D'après le cabinet royal, 140 000 dirhams (environ 12 800 euros) vont être alloués aux "logements totalement effondrés" et 80 000 dirhams (environ 7 300 euros) seront dédiés à la réhabilitation d'habitations partiellement endommagées.

Le deuil sous les tentes

Pour certains, les conséquences du séisme représentent une double violence. D'un côté il y a la douleur infinie d'avoir perdu leurs proches, de l'autre la douleur de n'avoir plus rien, plus de maison et plus de ressources. C'est une vie dans une grande précarité qui se profile pour eux dans les prochaines semaines, voire mois, dans la rue ou sous une tente dans le froid et la promiscuité.

Khadijia et son petit-fils Lahcen dans leur tente à Ouirgane (Maroc), septembre 2023 (SANDRINE ETOA ANDEGUE / FRANCEINFO / RADIO FRANCE)
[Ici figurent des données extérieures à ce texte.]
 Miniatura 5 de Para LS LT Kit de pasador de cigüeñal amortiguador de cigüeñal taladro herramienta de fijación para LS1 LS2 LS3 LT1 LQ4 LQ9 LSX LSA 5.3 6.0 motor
La tente où Lahcen vit avec sa grand-mère, allongée et pensive sur une natte, est en toile cirée blanche. C'est un don du royaume du Koweït. Elle est posée en bord de route, à quelques mètres de leur maison construite de façon traditionnelle, en utilisant un mélange de pierre et de terre, qui sera bientôt démolie. La grand-mère y est née, sa fille et sa petite-fille y sont mortes dans les décombres : "Reconstruire avec les nouveaux matériaux ou les anciens peu m'importe, moi ce qui me préoccupe c'est l'avenir de mes deux petites-filles orphelines."

"Si l'État ne nous garantit pas des constructions aux normes antisismiques, on ne partira pas de notre tente."

Lahcen, rescapé du séisme

à franceinfo

Bien que la question du bâti ne soit pas non plus la première préoccupation de Lahcen, il ne veut pas revivre un tel épisode : "Je préfère qu'on reconstruise mais pas avec de la terre cuite, avec des matériaux modernes, avec des normes antisismiques. Si l'État ne nous le garantit pas, nous on ne partira pas de notre tente." L'État marocain va octroyer une aide d'urgence d'environ 2 750 euros aux ménages concernés par la catastrophe.

Mêler "tradition" et "sécurité"

Une grande réflexion est menée notamment par les architectes : 300  bénévoles se sont portés volontaires dans le pays. Ils sont urbanistes, ingénieurs, sociologues, membres de la société civile. Ils se constituent en commissions mixtes et ont des réunions quotidiennes depuis une semaine. Le défi qui s'impose pour eux est de devoir trouver un équilibre entre traditions, topographie des terrains et sécurité, explique Jawad El Oussri, président du conseil régional de l'ordre des architectes de Marrakech-Safi : "Ces villages ont été construits avec des matériaux locaux, c'est un patrimoine extraordinaire. Le futur modèle urbanistique et architectural de ces villages doit être débattu. Il faut que l'on retrouve encore cet aspect vernaculaire, cette adaptation à la nature."

"Il n'est pas question de bétonner la montagne. Nous avons des modèles de construction en terre qui sont parasismiques."

Jawad El Oussri

à franceinfo

L'architecte prévient aussi qu'il y aura des zones où il sera interdit de construire et des villages déplacés. Après le séisme à Agadir en 1960, qui avait fait 12 000 morts, la ville rasée avait été reconstruite plus au sud.